The Hachinski Ischemic Score is a brief clinically based scale (Table 15.4) used to differentiate AD and multi-infarct dementia [179], in which context it performs well, although there are problems with the diagnosis of mixed dementia [180]. The scale score has been used in many AD drug trials as an exclusion criterion for possible cases of vascular dementia.

The Brief Memory and Executive Test (BMET) was specifically designed as a quick bedside screening test for VCI due to cerebral small vessel disease and is reported to have high sensitivity and specificity for differentiating such patients from those with AD, in which it outperformed the MMSE [10].

It must be remembered that motor impairments following stroke may affect performance on cognitive screening instruments. How these omissions are handled may have implications for how tests are rated, and this requires to be made explicit [181].

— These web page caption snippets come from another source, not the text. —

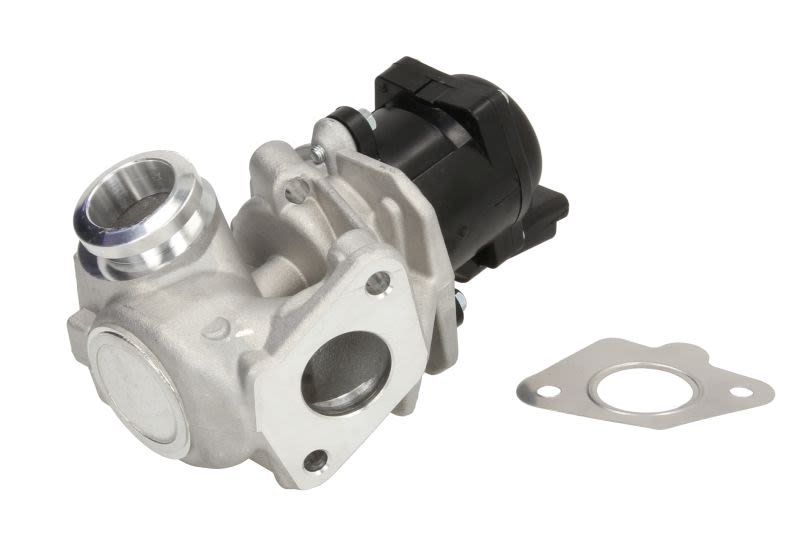 Válvula EGR DELPHI EG10507-12B1 para Citroen C3 I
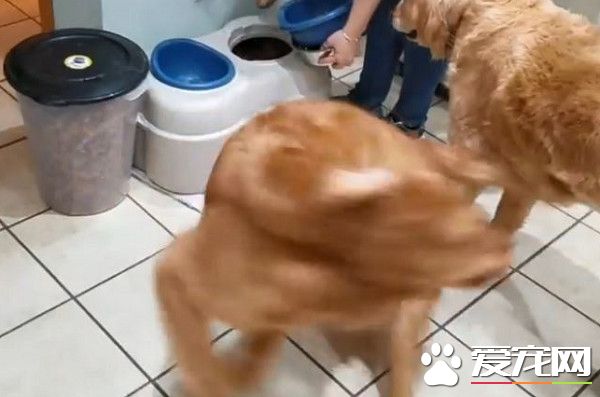 瘋狂的黃金獵犬 看見吃飯了開心的轉了22圈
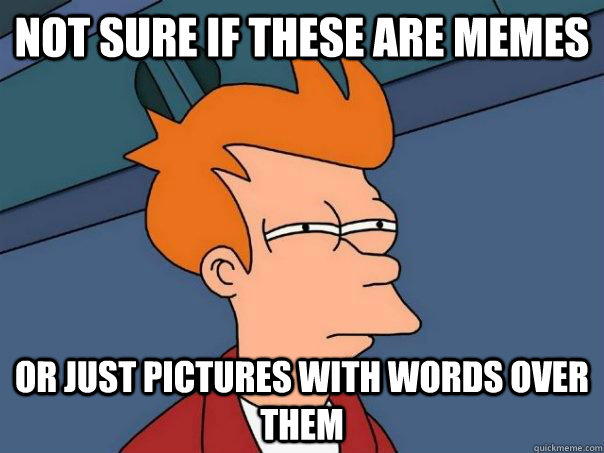 Not sure if these are memes Or just pictures with words over them  Futurama Fry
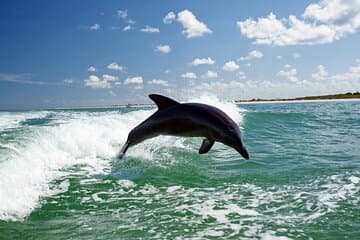 Side Dolphin Island Boat Trip With Lunch And Soft Drinks
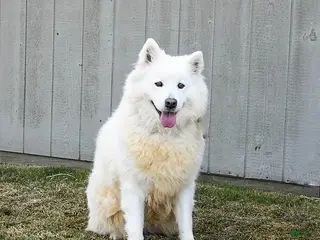 Samoyed dogs Serena - Ad 14
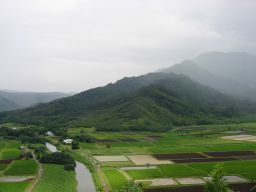 IMG_1368.jpg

Compared to AD, visual and executive cognitive functions are recognized to be more frequently impaired in cognitive syndromes (dementia, MCI: PDD, PD-MCI) associated with Parkinson’s disease (PD) and in dementia with Lewy bodies (DLB), with relative preservation of orientation in time and place (e.g. [182, 183]). A number of tests which seek to exploit these differences and thereby facilitate diagnosis of cognitive impairment in PD and DLB have been developed (Table 15.5), in addition to the more standard screening instruments.

The Mini-Mental Parkinson (MMP) [145], a derivative of the MMSE, has already been discussed (see Chap. 4, at Sect. 4.​2.​8). The Parkinson neuropsychiatric dementia assessment (PANDA) instrument comprises five cognitive tasks and a depression questionnaire and was reported to have sensitivity of 0.90 and specificity of 0.91 for PDD [184]. The Parkinson’s Disease – Cognitive Rating Scale (PD-CRS) was designed to cover the full spectrum of cognitive deficits found in PD, and was found to diagnose PDD accurately [185] A shorter version, the PDD-Short Screen (PDD-SS) [186], takes about 5–7 min to administer. The Scales for Outcomes in Parkinson’s Disease – Cognition (SCOPA-COG) instrument consists of ten items based on the most common cognitive deficits in PD (maximum score 43) and which proved sensitive and specific [187]. SCOPA-COG may be more discriminative than MMP [188]. To these disease specific scales may be added the Fluctuations Composite Scale (FCS), derived from the Mayo Fluctuations Questionnaire of Ferman et al. [124], which has been reported in a pragmatic study to identify synucleinopathies (PDD, PD-MCI, DLB) when these conditions have entered the initial differential diagnosis of cognitively impaired patients [125].

Usage of the commonly used cognitive screening scales to detect cognitive deficits in PD and DLB has been reported. A subscore of the MMSE defined by Ala et al. [189] was reported to facilitate detection of DLB versus AD (see Chap. 4, at Sect. 4.​3.​2). Similar weighted subscores can be derived from the ACE [190] and MoCA [191]. ACE-R has been reported a valid tool for dementia evaluation in PD [192], and useful as one component of a three-step procedure to identify dementia in PD, as have MoCA and the Frontal Assessment Battery [193]. A number of other studies (e.g. [194–196]) have shown utility of MoCA in detecting cognitive impairment in PD (see Chap. 7, at Sect. 7.​8).

ACE may be used to detect cognitive impairment in the “atypical” parkinsonian syndromes such as progressive supranuclear palsy, corticobasal degeneration, and multiple system atrophy [150, 197].

The heterogeneous group of frontotemporal lobar degenerations (FTLD) may present with either behavioral or linguistic impairments [198]. Delayed diagnosis of these conditions, particularly behavioral variant frontotemporal dementia (bvFTD), is a frequent observation, despite informant report of behavioral change, with the syndrome often being labeled psychiatric and treated as such [199]. Hence, instruments sensitive to frontal lobe dysfunction which might facilitate diagnosis of bvFTD have been described (Table 15.6).